[Start of section]

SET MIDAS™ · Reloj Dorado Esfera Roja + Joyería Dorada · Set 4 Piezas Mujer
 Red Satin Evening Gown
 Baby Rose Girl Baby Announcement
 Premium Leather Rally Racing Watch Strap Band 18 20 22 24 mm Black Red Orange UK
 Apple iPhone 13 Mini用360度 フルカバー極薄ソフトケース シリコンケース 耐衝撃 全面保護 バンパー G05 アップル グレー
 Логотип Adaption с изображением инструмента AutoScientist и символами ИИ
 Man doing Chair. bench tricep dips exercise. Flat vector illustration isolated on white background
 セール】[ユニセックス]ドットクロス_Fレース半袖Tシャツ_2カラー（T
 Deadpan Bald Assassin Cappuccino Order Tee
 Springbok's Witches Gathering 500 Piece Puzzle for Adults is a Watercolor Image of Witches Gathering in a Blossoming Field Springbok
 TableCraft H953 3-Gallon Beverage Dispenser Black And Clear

[End of section]

Work instructions: Out of the material above, output word for word the line with "Red Satin Evening Gown", the line with "Логотип Adaption с", and all lines between them, with nothing else.

Exercise response:
 Red Satin Evening Gown
 Baby Rose Girl Baby Announcement
 Premium Leather Rally Racing Watch Strap Band 18 20 22 24 mm Black Red Orange UK
 Apple iPhone 13 Mini用360度 フルカバー極薄ソフトケース シリコンケース 耐衝撃 全面保護 バンパー G05 アップル グレー
 Логотип Adaption с изображением инструмента AutoScientist и символами ИИ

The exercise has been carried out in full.